Monday, July 13, 2009

The Song That Sings Continuously

There is an instrument in Tunisia, called the "quanun", that is wonderfully fascinating. It has 24 strings, spread over a decorative wooden table, and is played with picks attached to the end of the forefingers. To see someone play is like watching someone painting music; the forefingers pluck and glide over the strings, weaving a melody that is vibrant in tone and sound.

Last week I dwelled in a songless place. The challenges of this program had taken their toll on me, and I was getting wrapped up in their difficulty. I was losing my motivation, my energy, and my drive in a language that I convinced myself was impossible to conquer.

This weekend we traveled to the Tunisian North. In the roads winding through the golden hills, the sprawling green canopies of its forests, and the misty blue mountains watching the sea, I kept hearing a song. It was a song I found in the landscape and the people on my journey; a song that I remember hearing so much more vividly in Oxford, Germany, and Los Angeles; a song that sings continuously, but heard only by those who know it is there.


We left Tunis early Saturday morning, the dinghy skyline of the suburbs giving way to yellow and bright green farmland. The hills began to roll and the sky turned bluer and the clouds gained weight and cast pleasant shade on the hills and fields (see first picture). Our first stop were at the ruins of Douga, a spectacular and well-preserved site of a Roman temple, theater, town, and cemetary (see second through fifth pictures). With adequate supervision lacking we took to the ruins as if it were a giant playground; we were kids again, jumping across crumbling four-story buildings, exploring the dark mazes under the hill, and performing on the stage.

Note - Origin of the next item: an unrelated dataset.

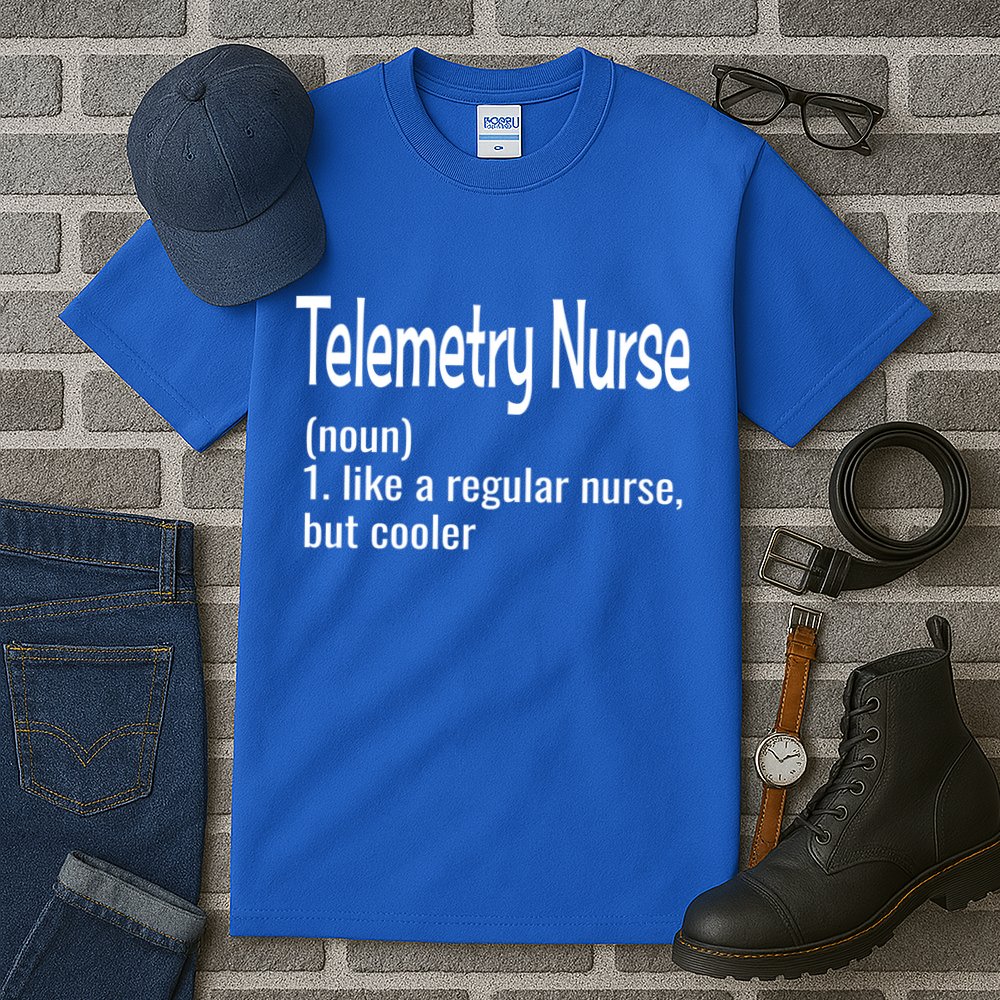 Funny Nursing Joke Nurse For Nurse Specialty Gift Tall T-Shirt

The hills gave way to mountains and forests and a smell so moist and vegetated that I thought I had crossed somehow through the center of the earth and emerged back in the Sierra Nevadas. The two hour difference between North Africa and California threw my mind in a strange, dislocated state, drugging my perception of where exactly I was in the world.

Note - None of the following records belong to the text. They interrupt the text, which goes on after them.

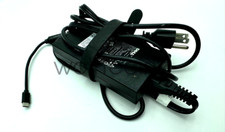 T4V18 Laptop Adapter Type-C 130W USB C Charger for Dell XPS 15 9500 9700 9575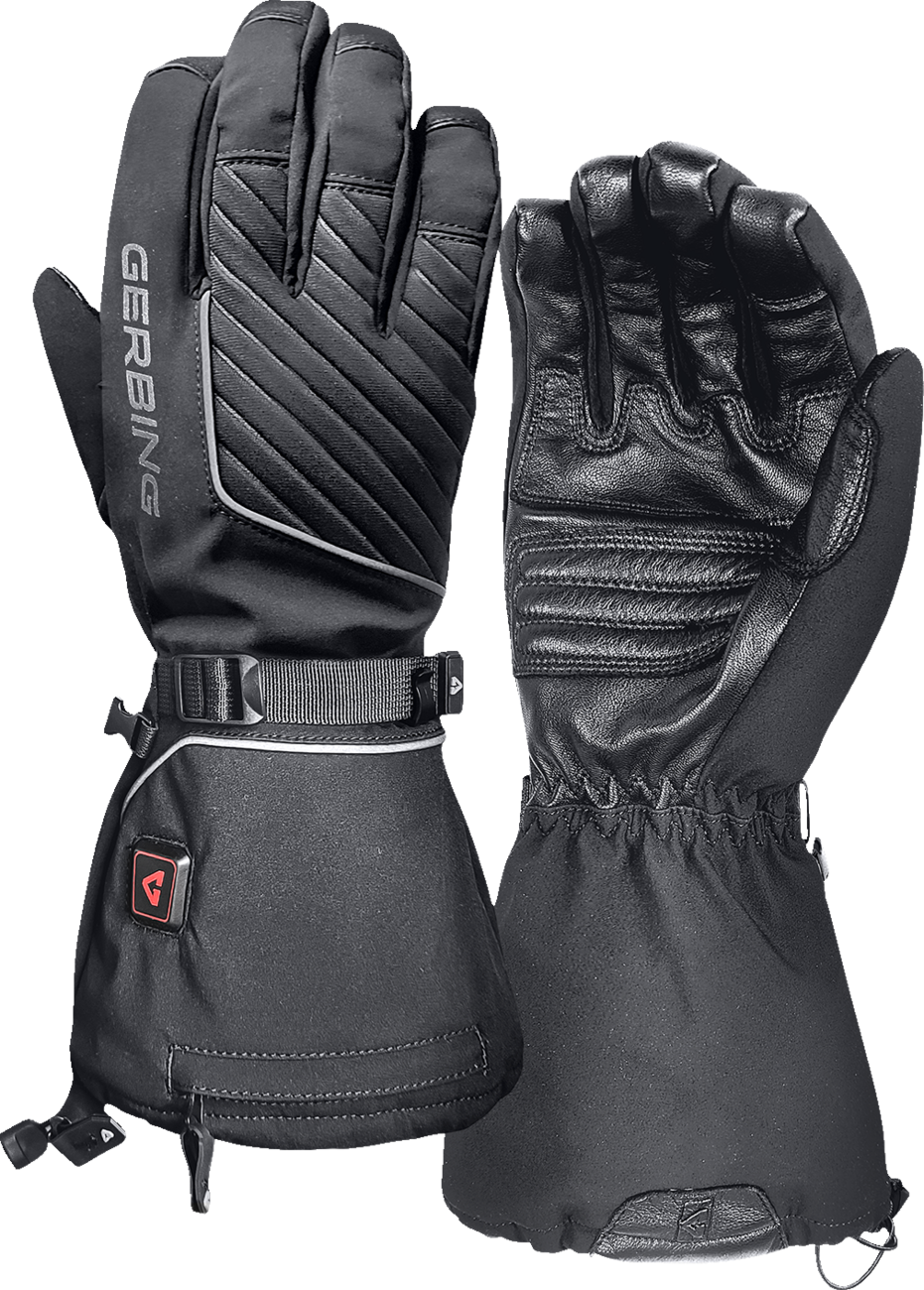 7 V Atlas Ultra-Flex Battery Heated Gloves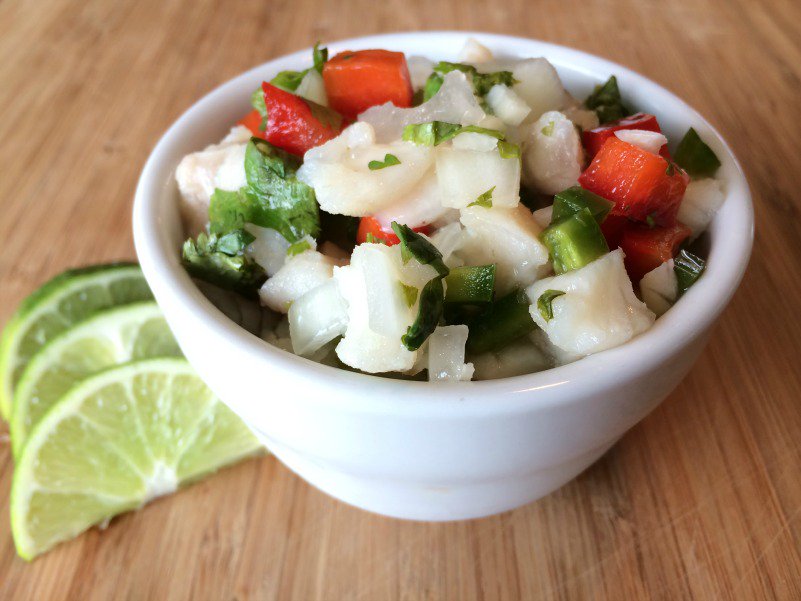ArizonaSheepdog's tweet photo. Rainbow trout ceviche for dinner...
#Trout
#Fishing
#LakeToTable
#MountainLife https://t.co/ecaJo8dlNO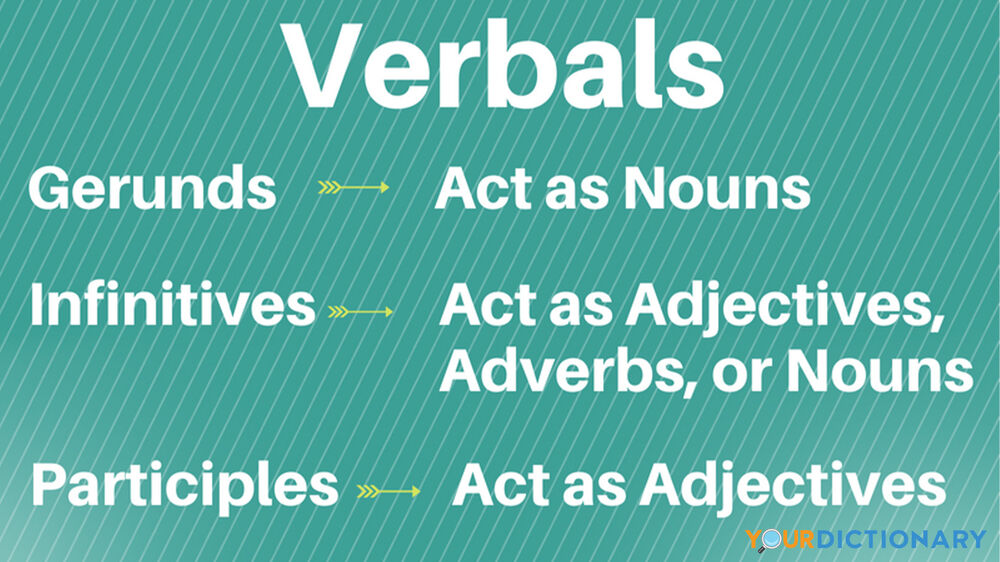 what-are-verbals-and-verbal-phrases-yourdictionary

Night fell as we reached our hotel on the beach in front of the mountains (see sixth picture). I and my Tunisian teachers and fellow Americans sat in this strange ocean-forest place, smoking shisha (a traditional Middle Eastern sweet, light tobacco) and mused about things. In the morning we explored the area, coming upon a medieval harbor with an old fortress overlooking the sea (see seventh picture).

On the road back to Tunis we found ourselves in one of the poorest parts of Tunisia. The roads became dusty and the land, despite its beauty, was devoid of large-scale farming or large cities (see eighth picture). One of my Tunisian friends told me that NGOs had in recent years supported the fast-growing women's pottery industry here by bringing pottery back to Europe or the US. The beautiful craftmanship set the bar high and people paid high prices for them; the NGOs would give the proceeds back to the women and help the region's economy.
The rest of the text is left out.